My name is Aaron. I'm a solo dev as a hobby, at least, at the moment. I still maintain my day-job while I work on my games in the evening or on weekends and holidays. Currently I am a Unity refugee to Godot 4, though my Unity days were all just tutorial hell, or bought class after bought class and never making anything on my own.
I have been interested in game development for the past 6 or more years, (its hard to remember a time before the back street boys re-union tour / the rona), but after going through revolving class after YouTube tutorial in Unity I gave it up as DND took most if not all of my free time and there was no energy left for two major hobbies. DND was a wild ride and I loved it. It got me into 3d printing, miniature painting again (after I left the Warhammer 40k hobby a long long time ago), terrain creation, and even 3d modeling myself. In fact I designed my own gaming table inside of blender and my wife and I got a local carpenter to make it, and its beautiful.
At the end of last year, I felt my players were not really...pulling their weight, or perhaps I had too high of expectations. After all we are all adults with lives, and I decided to step away from my role as DM. I found Pirate Software the same way many of us did, (blasted...no...berated...bombarded?), by YouTube shorts, and decided this time is it.

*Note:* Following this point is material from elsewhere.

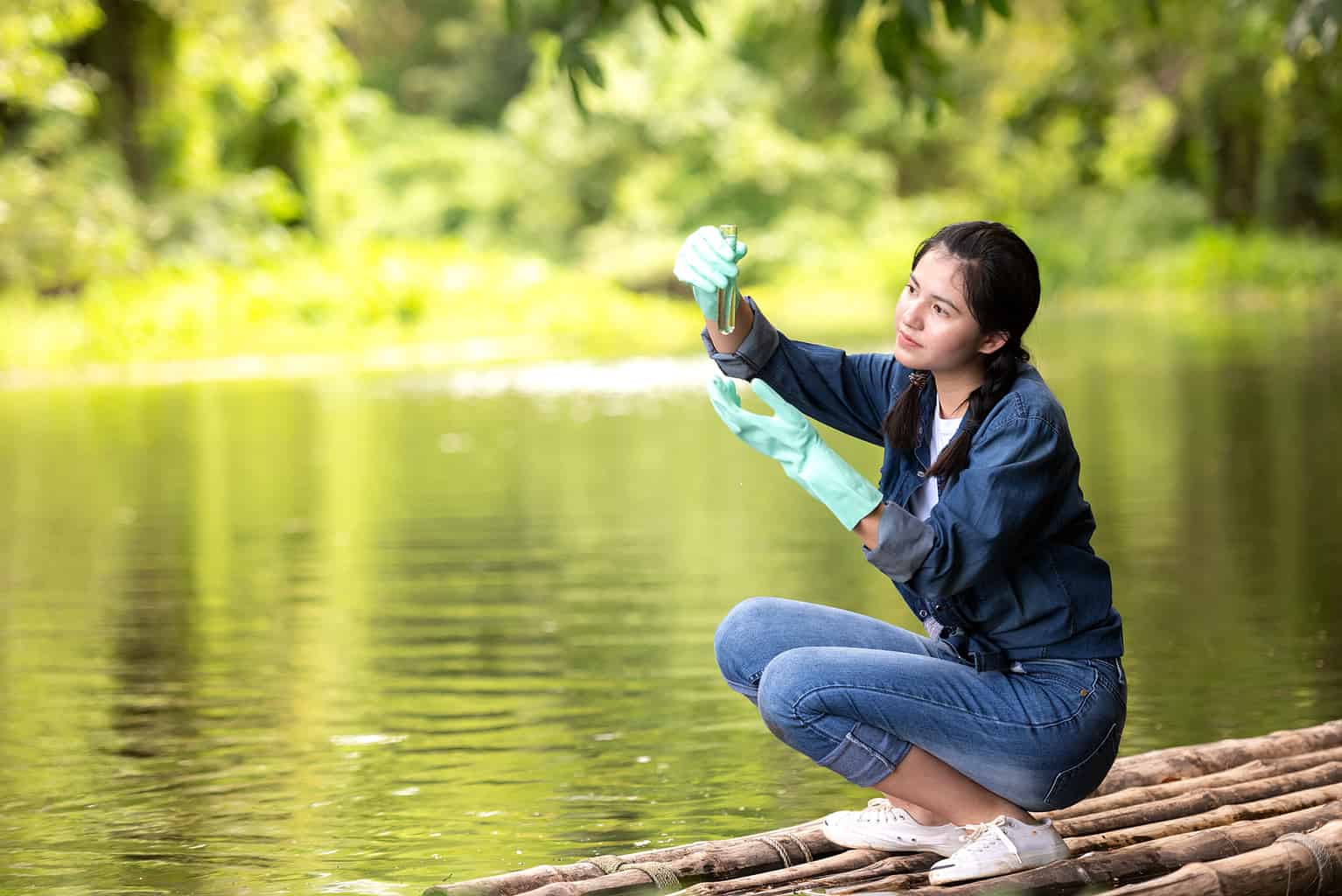 Asian Student Biology Taking And Testing Sample Of Natural River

I'm going to do it. So. Here it is. My first project that is my attempt to break free of tutorial hell after being inspired by Jason Thor Hall to once again attempt to pick up the dream of making a dream game.
I've a long way to go, but so far I am amazed at how quickly Godot has grown on me. I still feel a sunk cost fallacy with all the $$ I put towards online Unity courses and such, but somehow Godot and its workflow really seem to be working for me so much better.
I'm still learning, I'm still trying.
Sincerely, thanks for checking out this page.